DC Comics is making subtext textual with upcoming comic book series on Hanna-Barbera’s character, Snagglepuss.
Exit Stage Left: The Snagglepuss Chronicles is written by Mark Russell and the art is by Mike Feenan and this presents Snagglepuss as a gay Southern playwright in style of Tennessee Williams.
The Snagglepuss reboot was announced in 2017, after DC Comics announced a line of rebooted Hanna-Barbera properties, like Scooby Apocalypse and Russell’s Flintstones. Like Flintstones and other series Prez, Exit Stage Left: The Snagglepuss Chronicles is a satire of modern society.
“It just kind of happened by accident,” Russell recalls in an interview with Heat Vision. “I was just tweeting funny lines I thought Snagglepuss would say if he was Tennessee Williams — some kind of Southern Gothic playwright — and Marie Javins, my editor, thought they were funny and she talked to Dan [Didio, DC co-publisher] about turning that into a comic. That’s how it started. It was really just funny tweets, and it just ballooned from there.”
“The way I write him, he’s kind of an avant-garde figure for the times — people kind of expect him to say things that are edgy, and witty. In a way, he’s allowed to breach subjects and say things in 1953 in New York that other people simply could not.”

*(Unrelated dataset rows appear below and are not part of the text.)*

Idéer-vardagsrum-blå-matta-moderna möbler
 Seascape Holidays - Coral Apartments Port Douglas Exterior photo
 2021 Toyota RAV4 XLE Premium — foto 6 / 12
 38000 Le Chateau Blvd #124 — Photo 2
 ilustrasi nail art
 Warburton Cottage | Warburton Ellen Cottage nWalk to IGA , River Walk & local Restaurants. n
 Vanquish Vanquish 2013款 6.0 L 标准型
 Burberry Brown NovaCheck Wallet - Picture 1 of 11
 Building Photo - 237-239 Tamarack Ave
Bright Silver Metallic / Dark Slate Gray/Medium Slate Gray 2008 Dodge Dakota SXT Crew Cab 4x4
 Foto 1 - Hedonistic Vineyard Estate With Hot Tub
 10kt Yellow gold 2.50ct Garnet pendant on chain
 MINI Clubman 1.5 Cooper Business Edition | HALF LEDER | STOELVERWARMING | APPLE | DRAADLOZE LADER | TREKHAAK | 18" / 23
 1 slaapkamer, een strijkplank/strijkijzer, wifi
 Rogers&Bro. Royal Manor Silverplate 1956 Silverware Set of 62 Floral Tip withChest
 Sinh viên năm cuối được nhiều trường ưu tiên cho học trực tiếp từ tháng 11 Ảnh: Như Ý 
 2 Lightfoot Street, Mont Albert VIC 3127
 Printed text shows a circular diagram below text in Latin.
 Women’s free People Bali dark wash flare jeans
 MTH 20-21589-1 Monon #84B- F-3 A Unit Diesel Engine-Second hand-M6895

Setting the story in 1953 allows Russell to use Snagglepuss to explore themes from an interesting perspective that will hopefully still resonate with modern readers.
“Snagglepuss in this story is having to live a double life as a gay playwright living in New York, and he’s closeted,” Russell explains.
“But he has values and integrity as an artist, and he’s trying to stand up for people who otherwise would be shoved under the stairs in this time of great national paranoia in the Red Scare mentality. It’s very easy in a time of national catastrophe — of perceived national catastrophe — to throw people under the sink and forget about them, and Snagglepuss is unwilling to let them do that to people he knows and loves. He’s willing to stand up for people when the rest of the country is not.”